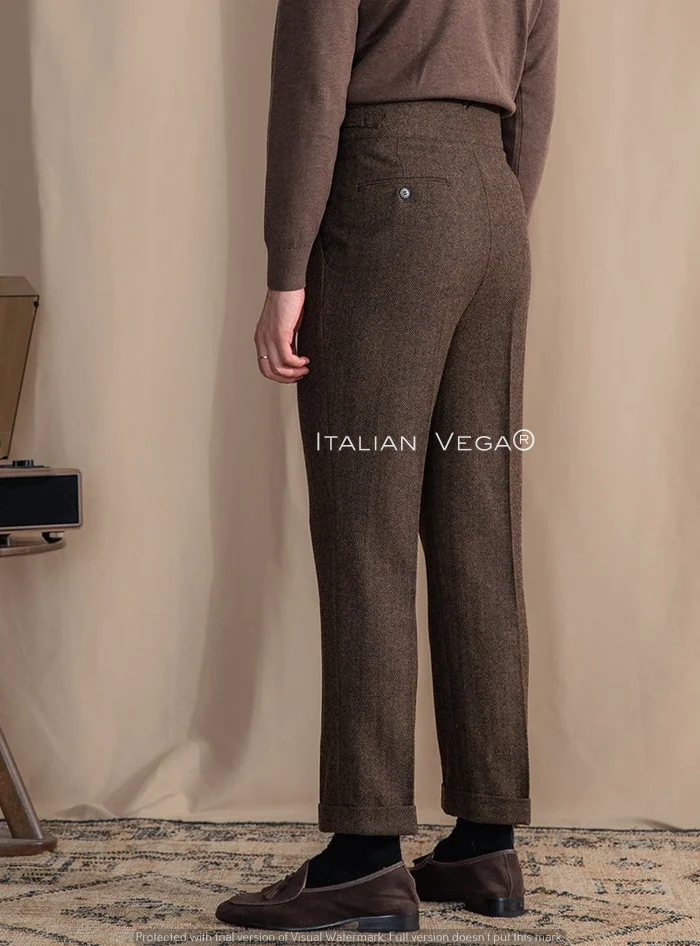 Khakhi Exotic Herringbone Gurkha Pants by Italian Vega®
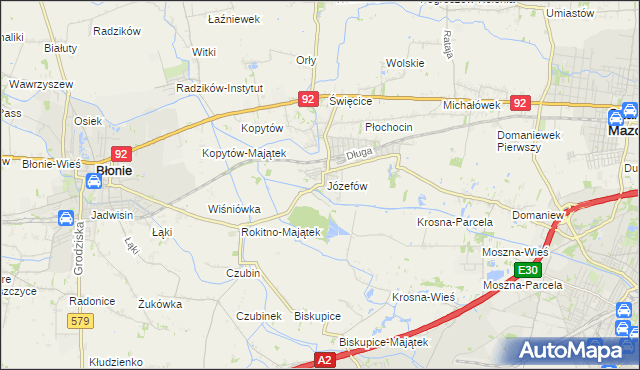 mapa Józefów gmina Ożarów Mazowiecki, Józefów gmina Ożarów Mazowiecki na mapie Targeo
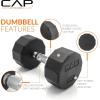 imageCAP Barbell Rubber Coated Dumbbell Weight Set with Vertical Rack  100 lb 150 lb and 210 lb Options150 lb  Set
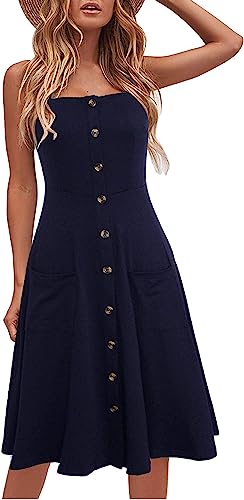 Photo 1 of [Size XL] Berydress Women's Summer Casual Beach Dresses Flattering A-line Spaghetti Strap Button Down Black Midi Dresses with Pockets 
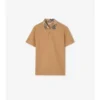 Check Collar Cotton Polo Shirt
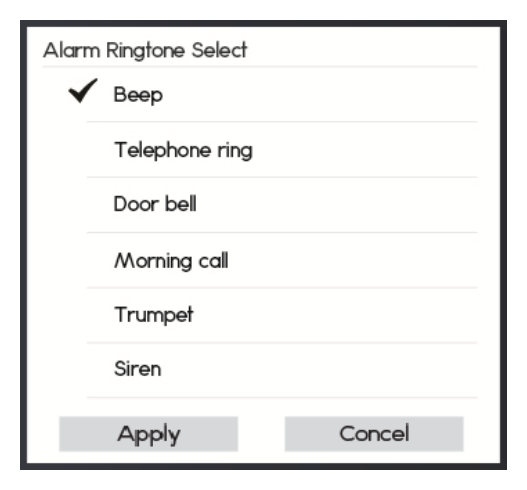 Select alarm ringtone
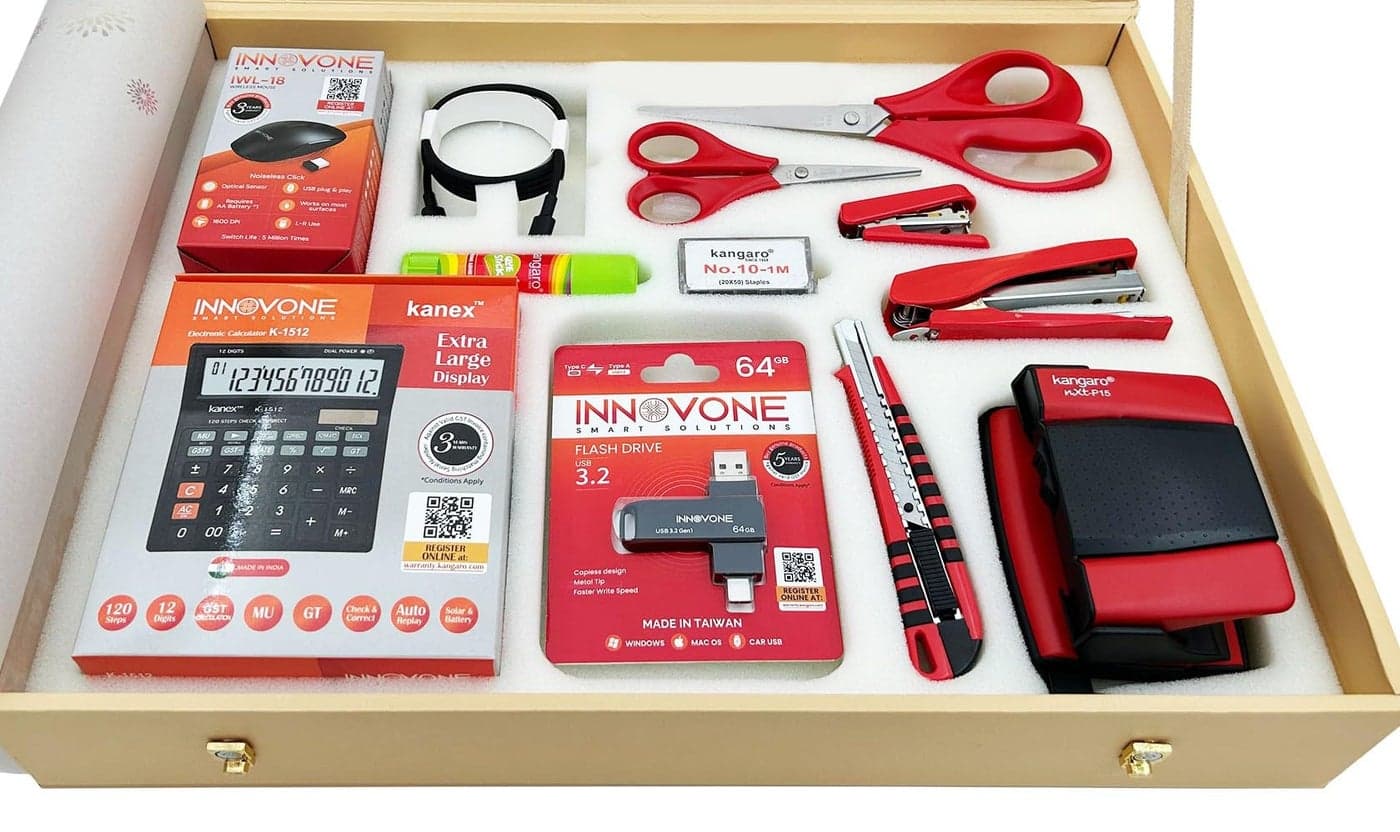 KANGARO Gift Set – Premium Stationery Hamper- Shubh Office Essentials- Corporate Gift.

□ □ □ □ □

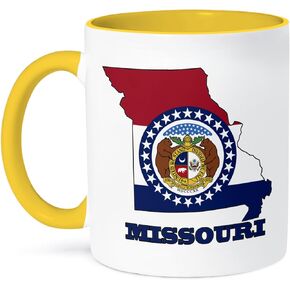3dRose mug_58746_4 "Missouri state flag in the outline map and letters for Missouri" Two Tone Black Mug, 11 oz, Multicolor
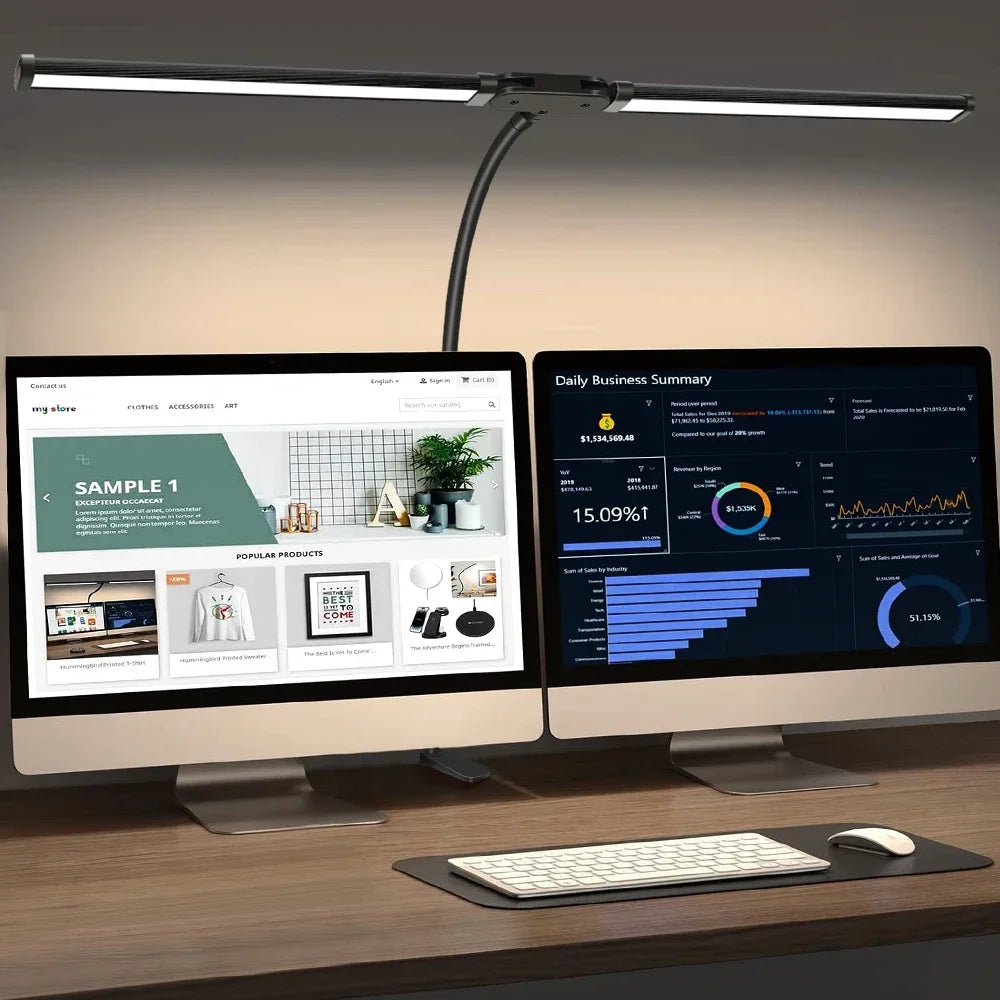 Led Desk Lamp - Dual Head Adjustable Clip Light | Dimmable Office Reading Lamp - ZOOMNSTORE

□ □ □ □ □

• WORK TO COMPLETE
Given the listing above, retype only the span of lines from the line with "Check Collar Cotton Polo Shirt" up to and including the line with "KANGARO Gift Set", exactly as it stands and without pictures.

• ANSWER TO THIS PROBLEM
 Check Collar Cotton Polo Shirt
 Select alarm ringtone
 KANGARO Gift Set – Premium Stationery Hamper- Shubh Office Essentials- Corporate Gift.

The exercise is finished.